### Instructions for the task
Omit the pictures. Transcribe exactly the lines below, from the one with "view of swimming pool with a patio" up to and including the last.

### Dataset extract
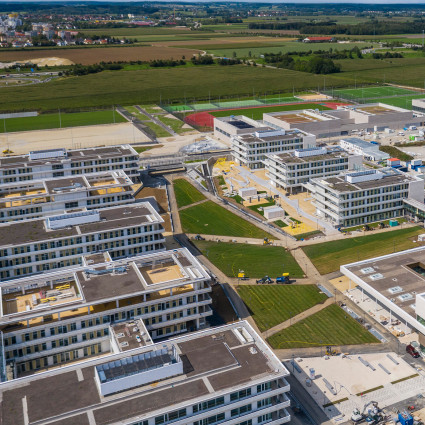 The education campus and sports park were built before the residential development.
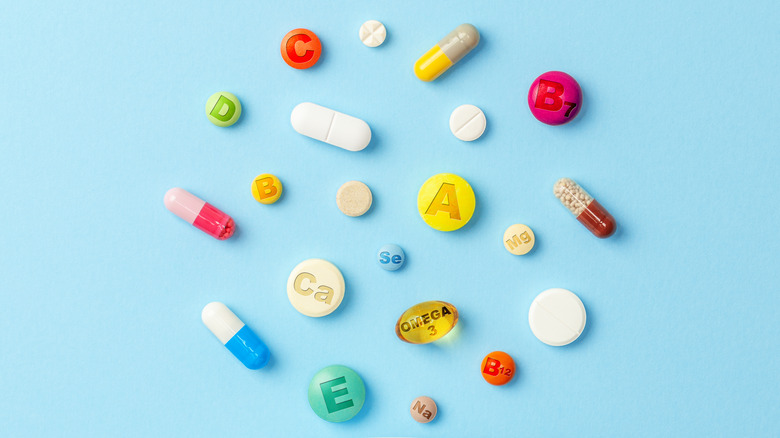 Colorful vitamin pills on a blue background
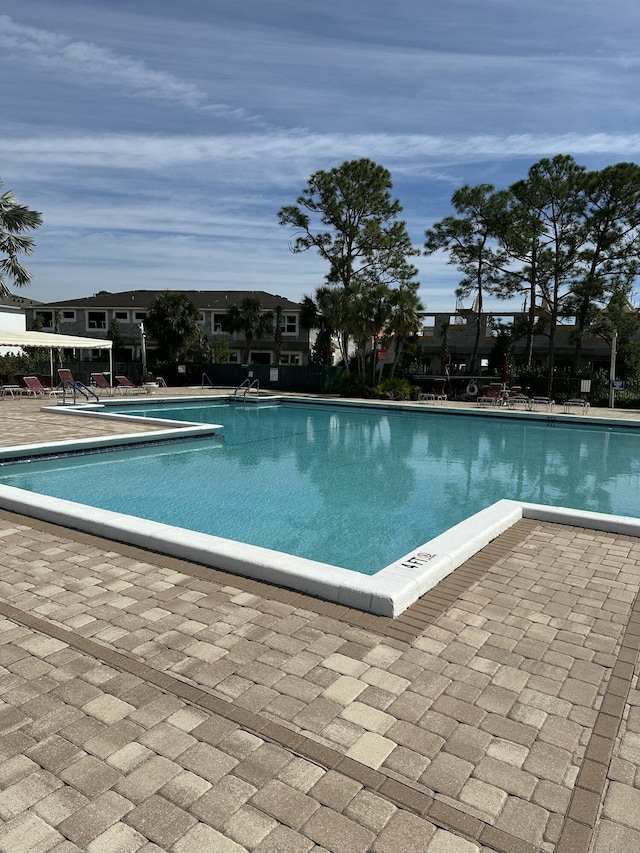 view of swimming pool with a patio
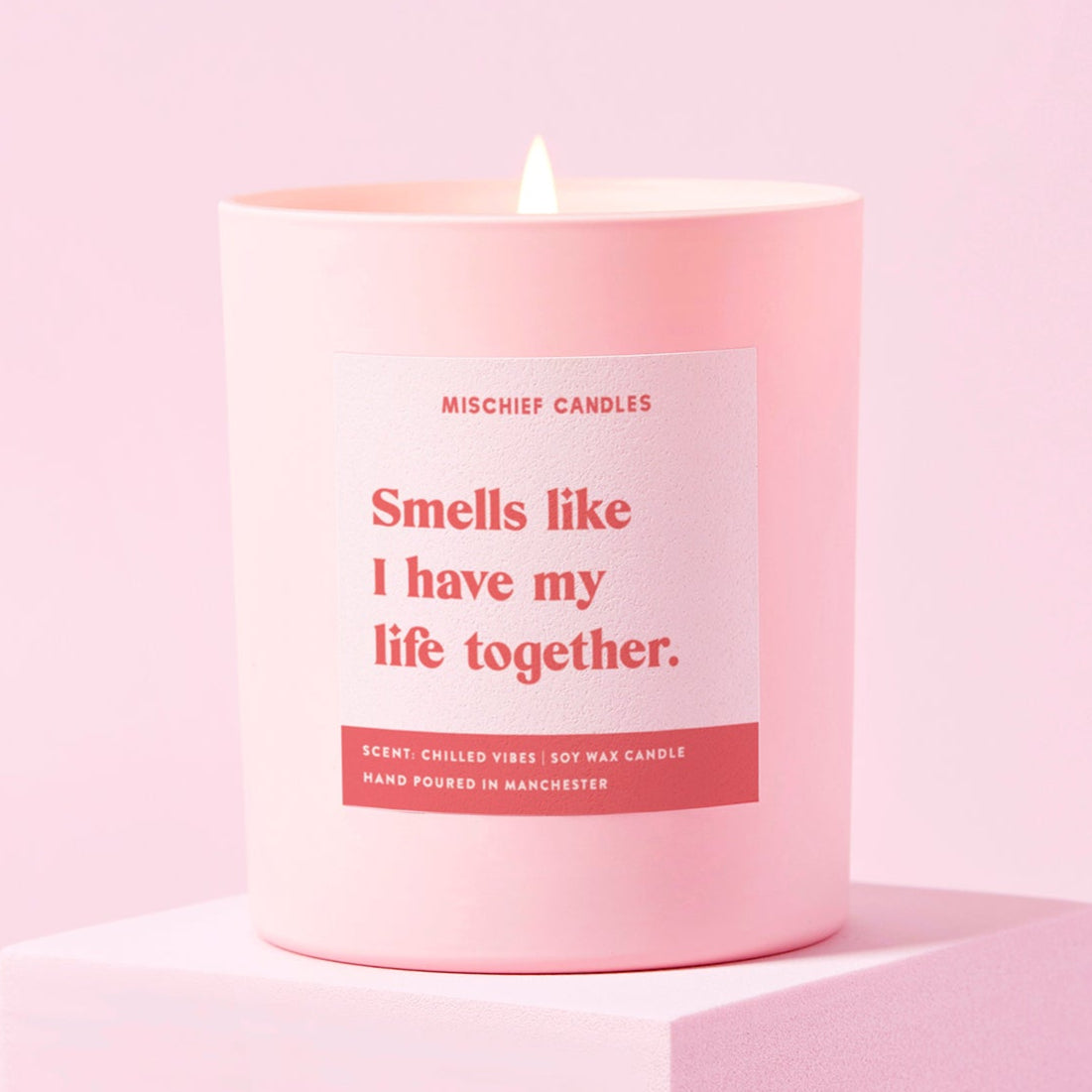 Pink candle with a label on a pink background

### Your response
 view of swimming pool with a patio
 Pink candle with a label on a pink background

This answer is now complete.